Yeah but Evernote doesn't have the killer feature - the ability to identify a place in your notes and go straight to the audio.  Or at least I have not worked out yet how to do this.  There are some smartphone and tablet apps that do allow you to do this; Notability, SoundNote and Audionote.  All of them are lesso. All of them are less than $US5.   I haven't tried any of these alternatives to Livescribe, partly because the livescribe is so flexible and unintrusive to use.

bob williams's picture
Bob Williams

Oh something weird happened and only part of my note was posted.  Here is the full version :

Yeah but Evernote doesn't have the killer feature - the ability to identify a place in your notes and go straight to the audio.  Or at least I have not worked out yet how to do this.  There are some smartphone and tablet apps that do allow you to do this; Notability, SoundNote and Audionote are the main ones.  Notability and AudioNote has Mac versions also and Audionote has a PC version.   All of them are less than $US5.   I haven't tried any of these alternatives to Livescribe, partly because the livescribe is so flexible and unintrusive to use.

bob williams's picture
Bob Williams

The Australian action researcher and generally all round wise man, Bob Dick, has a fascinating process called Convergent Interviewing.  This is an rather novel form of interview design (or more accurately interview series or data collection design) that is beyond the scope of this discussion but implies a very restricted form of note taking.  

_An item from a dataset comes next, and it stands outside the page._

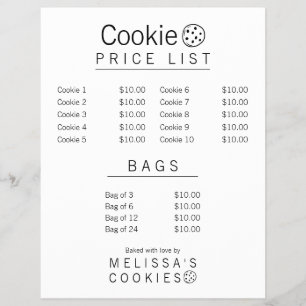 Einfaches Markenfertiges Bäckerei-Menü Flyer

One feature is that at the end of the interview you ask the interviewee to summarise the key things you would want the interviewer to remember from the interview, while you stay quiet.  What happens is often very revealing.  I've learned to ask that question at about the two thirds stage of the interview rather than the 'end' because invariably the interviewee talks (often at great length) about what they wanted to talk about not what you wanted them to talk about.  

One of the other features of convergent interviewing is that you are only interested in aspects that either strongly confirm or strongly disconfirm any emerging themes.  All the other stuff in the middle is analytically not especially useful because it is messy, nuanced and we are deluding ourselves if we believe we can make sense of it.  Therefore why take notes on stuff you won't use?Essentially Bob's notion is that in practise, much as we may deny it, when we look back the basis of many of our conclusions and reporting come from the extremes, and that's all we need to record - and convergent interviewing has micro and meta processes that determine what that relatively limited data set is and how to record it.  Those who know Rob Brinkerhoff's Success Case Method and the various modifications suggested by Michael Scriven will recognise the same notions although their own approach implies considerable documentation.

If you want to know more about convergent interviewing, go to Bob Dick's web site :

http://www.aral.com.au/resources/iview.html

Patricia Rogers's picture
Patricia Rogers

Another suggestion, from @developmentWorx, is the C-Pen.  

"The C-Pen will highlight any text (hand written and typed) and instantly insert the text in applications such as Word as if you would have typed it yourself using the keyboard. This means that one can specifically highlight a text from a physical document, book, magazine, just about anywhere and the text will be transferred into the electronic document. This is great for extracting quotes without having to type the quotes directly."